◆ ASSIGNMENT ◆
What is needed is an exact copy of every line from the one containing "Location Hangar 72 m&sup2; — photo 1" through the end of the entries; please set it down without any pictures.

Records drawn from a dataset
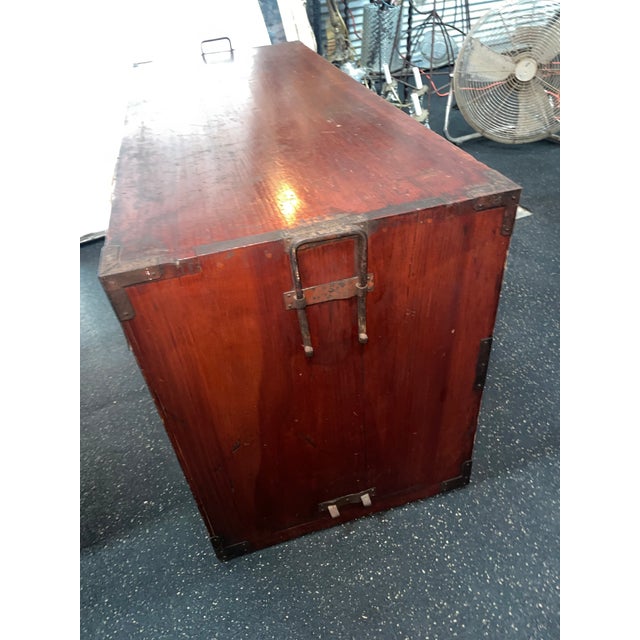 Late 19th Century Antique Japanese Taisho Isho-Dansu Dresser, Meiji Period (1868 – 1912) For Sale - Image 5 of 10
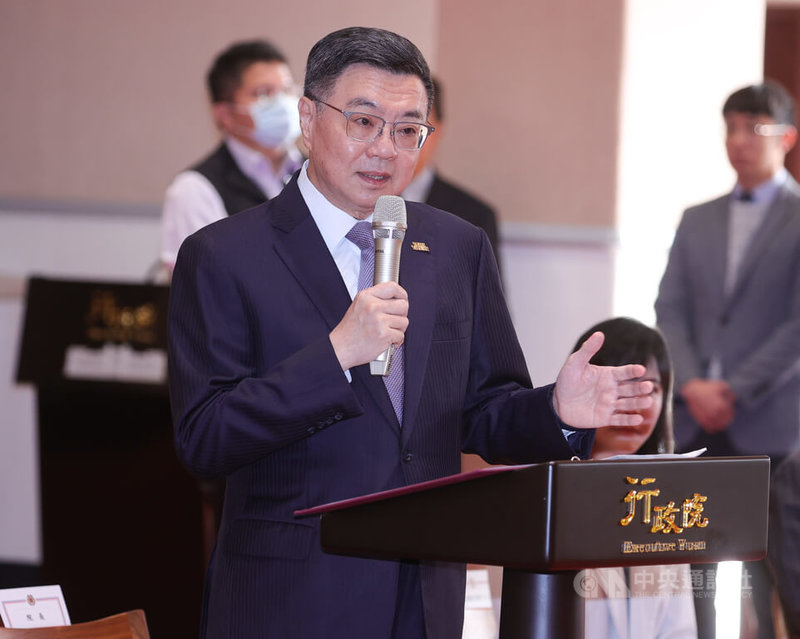 行政院長卓榮泰(前)2日在行政院大禮堂接見第27屆大愛獎得獎人一行,致詞向得獎人表達最深的敬意及謝意。中央社記者謝佳璋攝 113年12月2日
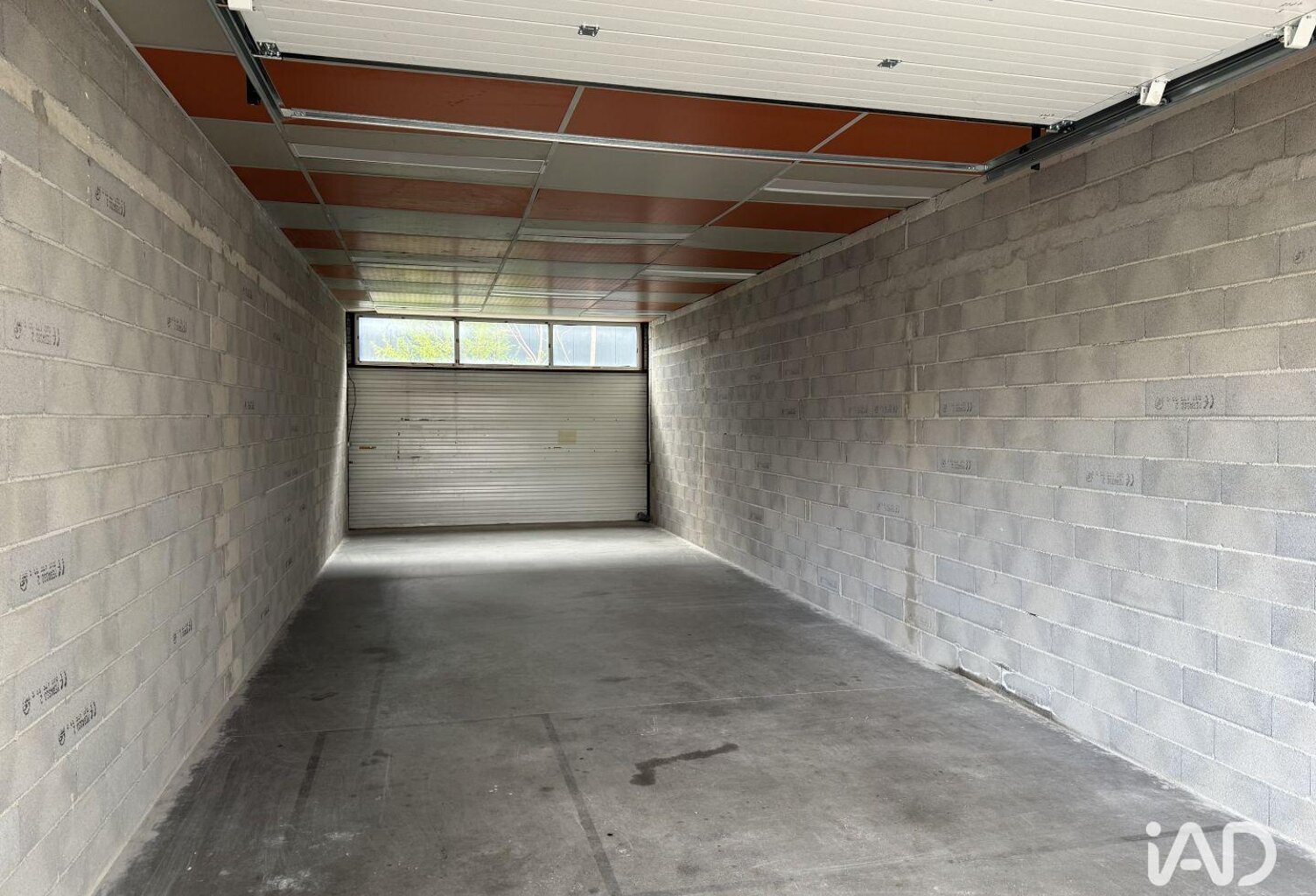 Location Hangar 72 m&sup2; — photo 1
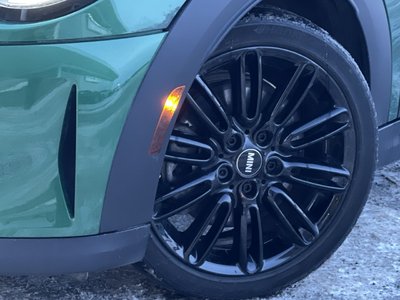 MINI 3 Door  2023 à Calgary, Alberta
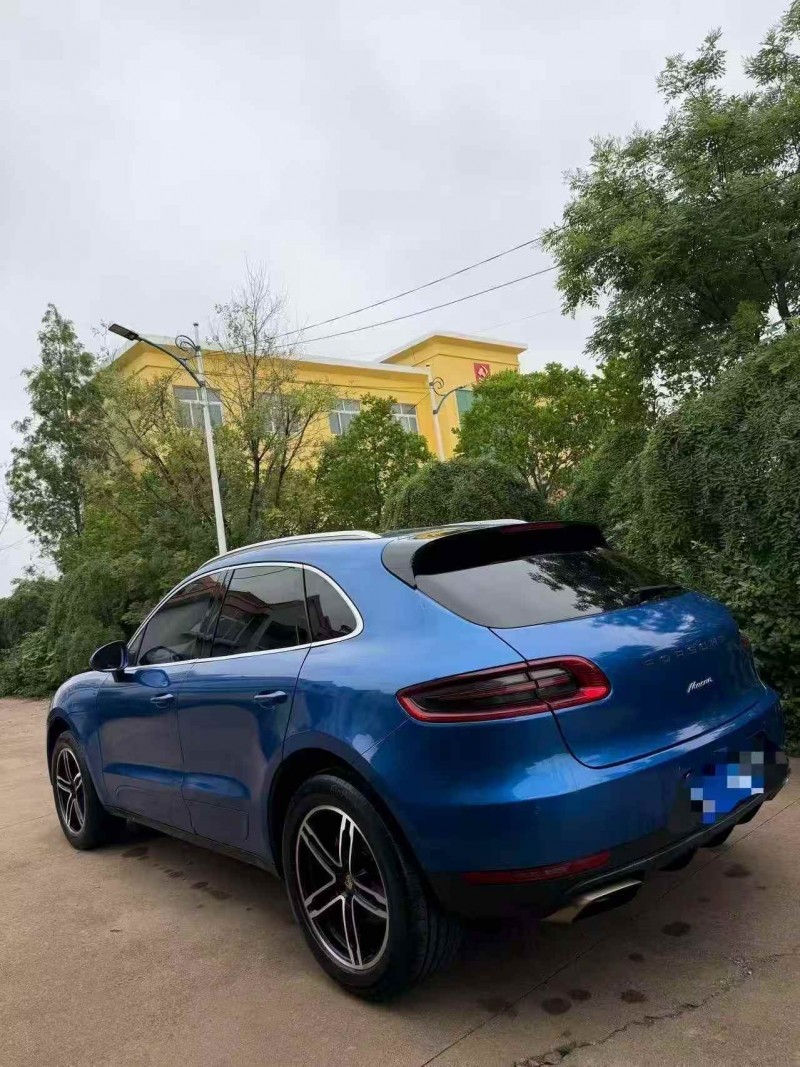 东营15年保时捷Macan8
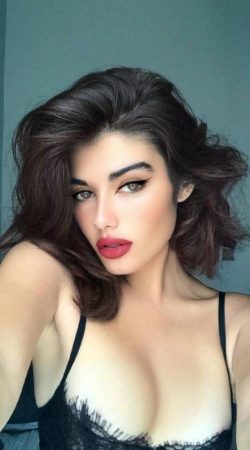 Discover Unforgettable Moments with Jasmine Star's Captivating Charm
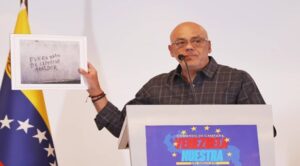 Jorge Rodríguez pide a la AN investigar amenazas contra alcalde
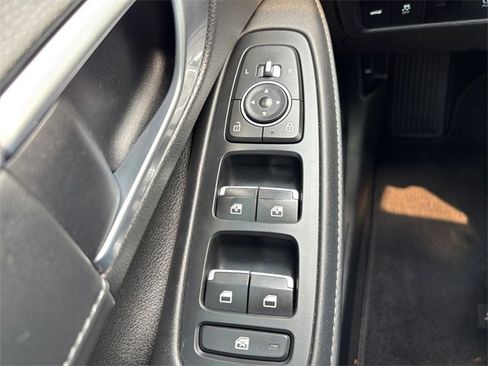 Used 2020 Hyundai Sonata Limited image 18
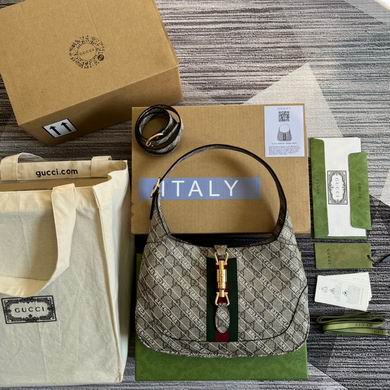 636706 28X19X4.5cm MP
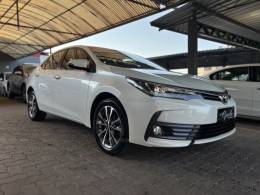 TOYOTA - COROLLA - 2017/2018 - Branca - R$ 109.500,00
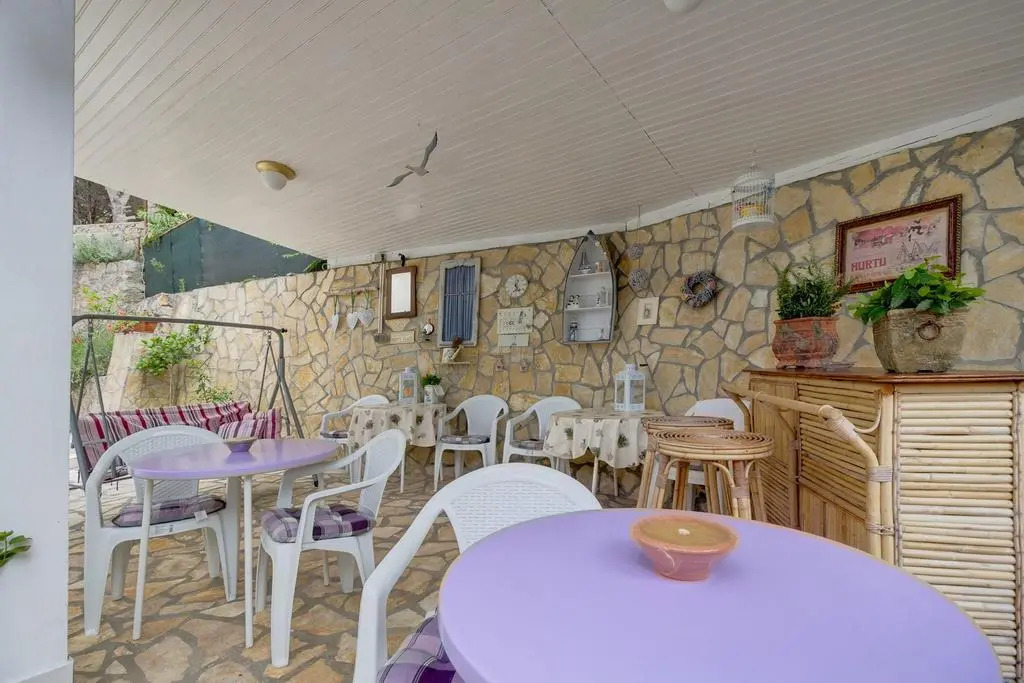 Room Milka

◆ COMPLETED TASK ◆
 Location Hangar 72 m&sup2; — photo 1
 MINI 3 Door  2023 à Calgary, Alberta
 东营15年保时捷Macan8
 Discover Unforgettable Moments with Jasmine Star's Captivating Charm
 Jorge Rodríguez pide a la AN investigar amenazas contra alcalde
 Used 2020 Hyundai Sonata Limited image 18
 636706 28X19X4.5cm MP
 TOYOTA - COROLLA - 2017/2018 - Branca - R$ 109.500,00
 Room Milka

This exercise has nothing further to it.